My caique can be loud. only when someone he likes leaves the room. He also likes to compete with the hoover, and try and get louder than it. Most of the time though his noise levels are very good.

Caiques as you may know if you have read other threads can be quite aggressive and its important that you learn to read their body language as there tempers tantrums can start in the blink of an eye with no reason or warning. I have to leave my caique alone when this happens. There seems to be no way to train him that its bad.

BUT it is easy to train them not to bite out of frustration and playing too hard. They are strong minded birds and if they want to get to something and you stop them they will be stubborn. My bird does not go into aggressive mode though, so i have trained him to accept that what he wants isnt going to happen and not to bite. There is a very clear distinction to a NIP because he isnt allowed to do something or over excited because of play, and a full on BITE when he is in aggressive mode.

My bird is going through his hormonal stage at the moment and the aggressive side of him is around more often than when he grows out if it. I will stress though 90% of the time he is most loveable bird on the earth and is not scary in the slightest, the reason i went into detail about it is because in my experience its the toughest thing to learn and handle about these birds, not their noise.

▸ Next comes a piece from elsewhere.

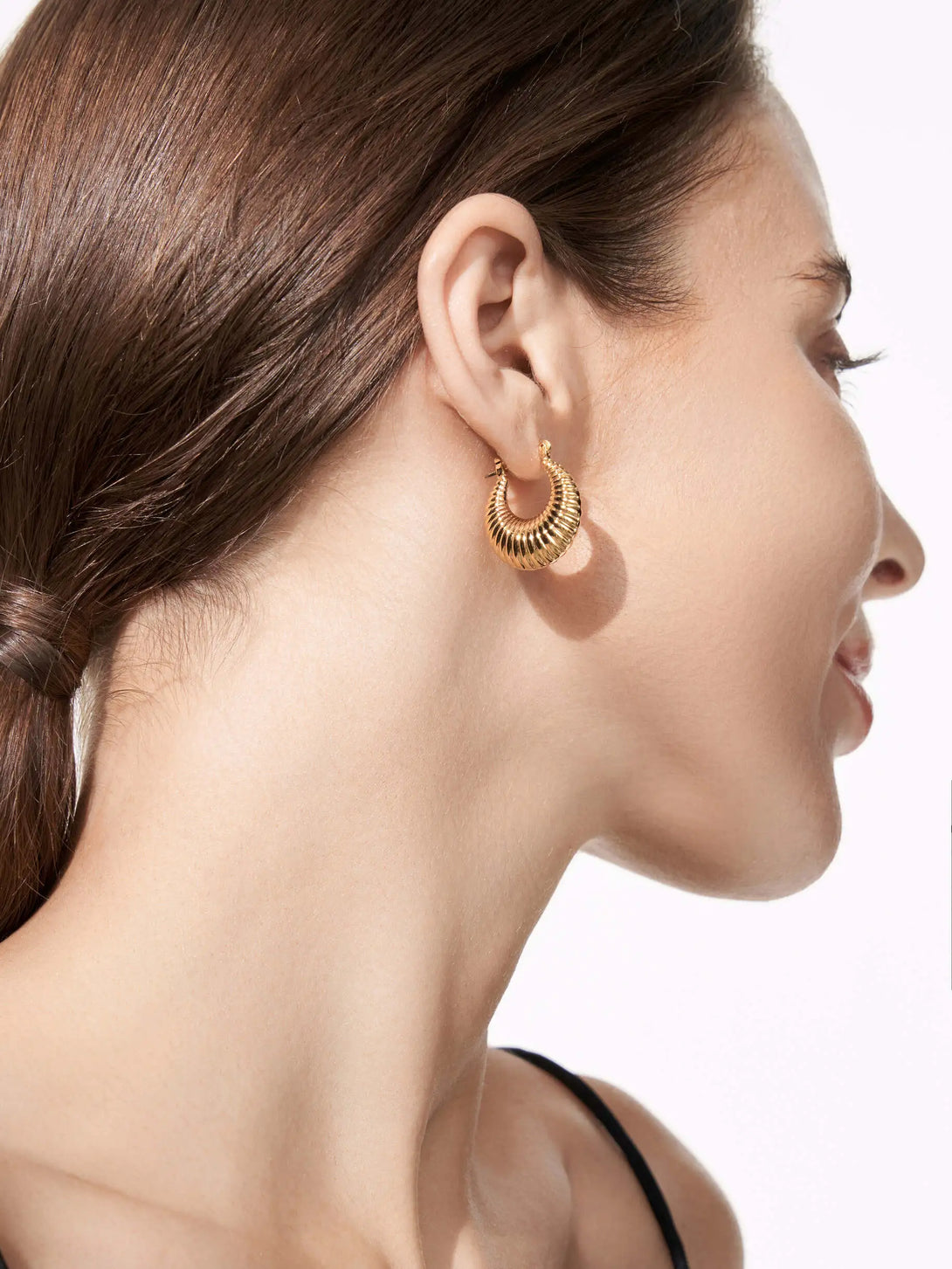 Statement Ribbed Hoop Earrings - OOTDY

I will also say you need to socialize your bird. I havent so******ed mine enough and he is very protective and aggressive to new people. He will take food from them (snatching it though) but will bite very hard if anyone attempts to touch him or pick him up. Good news is after 30 mins of playing with him with my girlfriend there he warmed to her and let her do as much as i can with him so it seems to be a nervous trust issue, which is better than just being a horrible bird!

You will love your caique if you get one they are amazingly energetic and funny!